Village in Norfolk, England

Welney is a village and civil parish in the Fens of England and the county of Norfolk. The village is about 10 mi south-west of the town of Downham Market, 20 mi south of the town of King's Lynn and 45 mi west of the city of Norwich. The county boundary with Cambridgeshire is adjacent, with the city of Cambridge 25 mi to the south.

Welney is immediately to the west of the Old Bedford River, River Delph and New Bedford River, which are parallel channels and are here crossed by the A1101 road.

Welney is on the Ouse Washes, an area of wildlife conservation. WWT Welney, near the village, is a nature reserve in the care of the Wildfowl and Wetlands Trust. Nearby there are also the RSPB Ouse Washes, a reserve managed by the Royal Society for the Protection of Birds.
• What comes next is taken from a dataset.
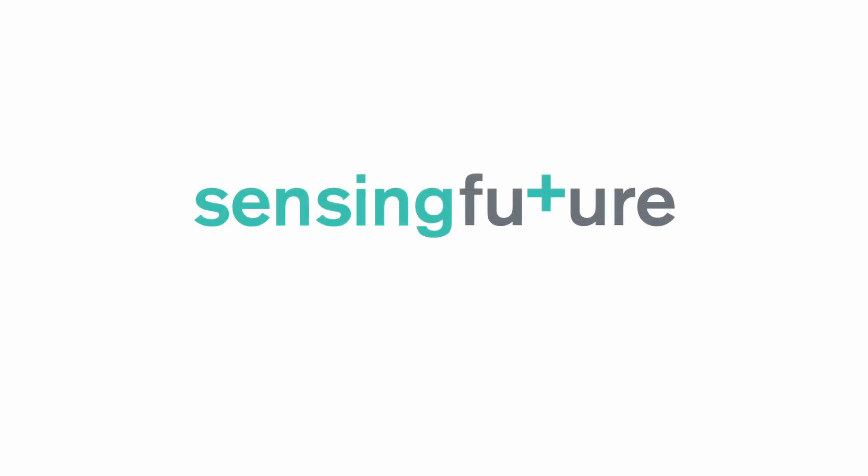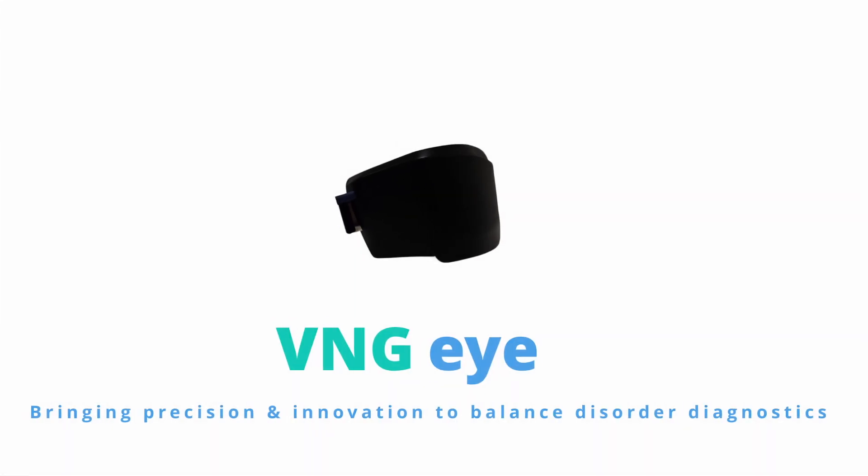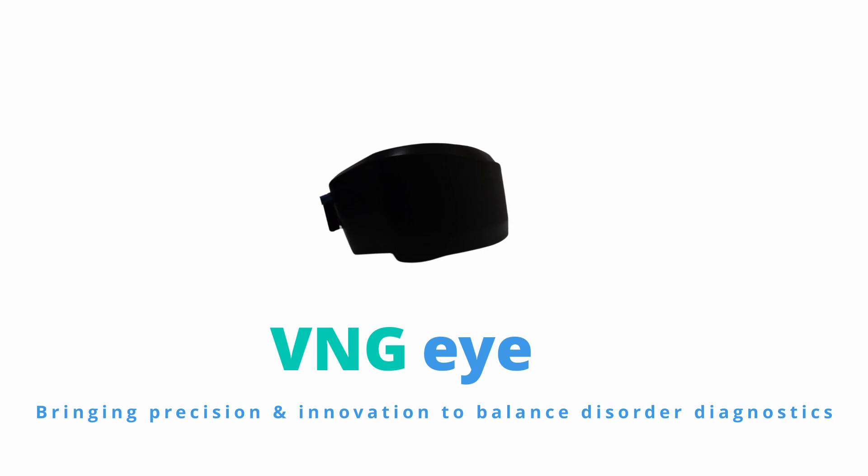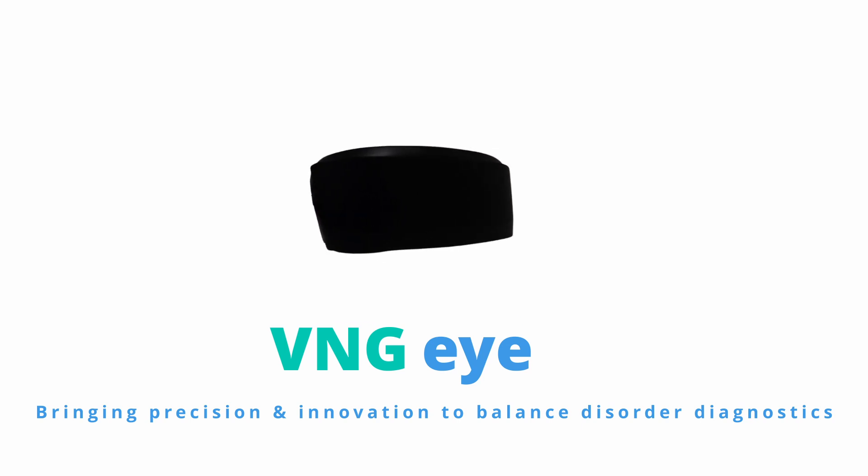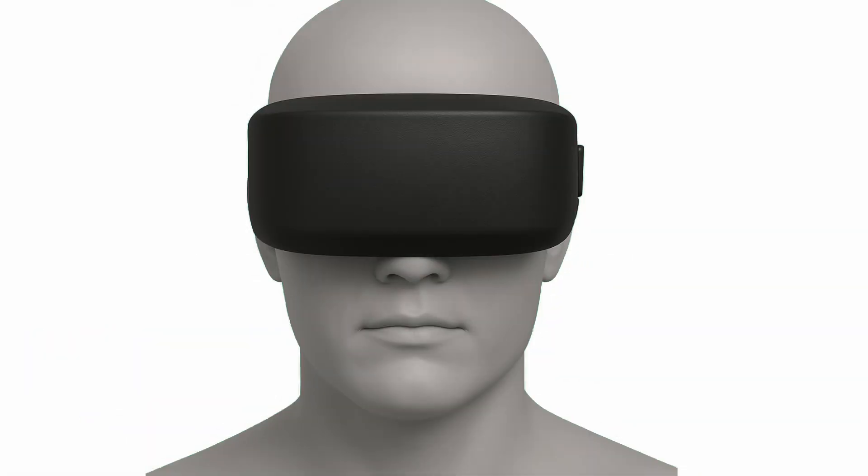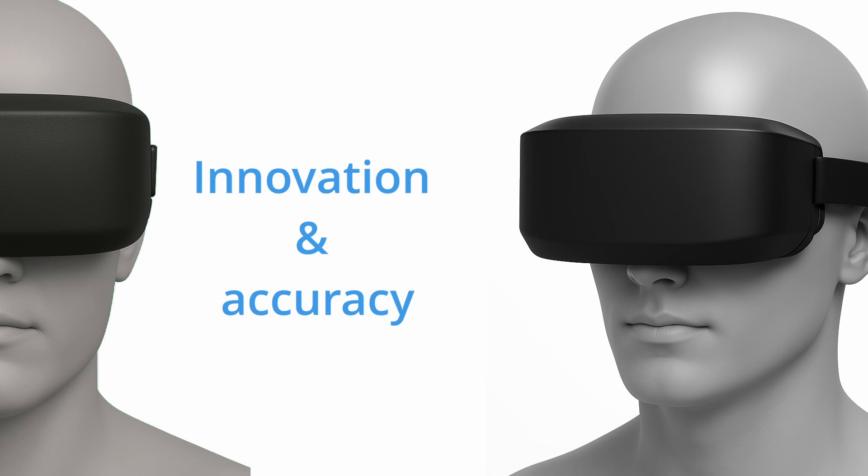Sensing future technologies. A greater step. Meet the VNGi, a comprehensive diagnostic platform for balance and vestibular disorders, combining innovation with accuracy.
The parish covers an area of 8 mi2 and had a population of 528 in 217 households at the 2001 census, which had increased to 542 by the 2011 Census. For the purposes of local government the parish falls within the district of King's Lynn and West Norfolk.

== History ==
In the 14th century Welney was called Wellenhe, meaning ‘a river called Welle’ (the old name of the Old Croft River). In the 18th century Woad was grown in the parish.
In 1820 a road was built from Welney across The Wash to the New Bedford River (also known as the Hundred Foot Drain), where a ferry-boat was established opposite the public house of Thomas Golding, formerly Washington's; this provided a direct route into Lincolnshire through Wisbech from Bury St Edmunds, Ely and Cambridge.
In the second half of the 19th century Welney became significant for its skaters. On 21 February 1855 Turkey Smart of Welney became champion skater of the Fens. James Smart of Welney became champion on 21 January 1891. William Loveday of Welney came 2nd to James Aveling of March in the amateur championship.

St Mary's Church in Welney is dedicated to the Virgin Mary.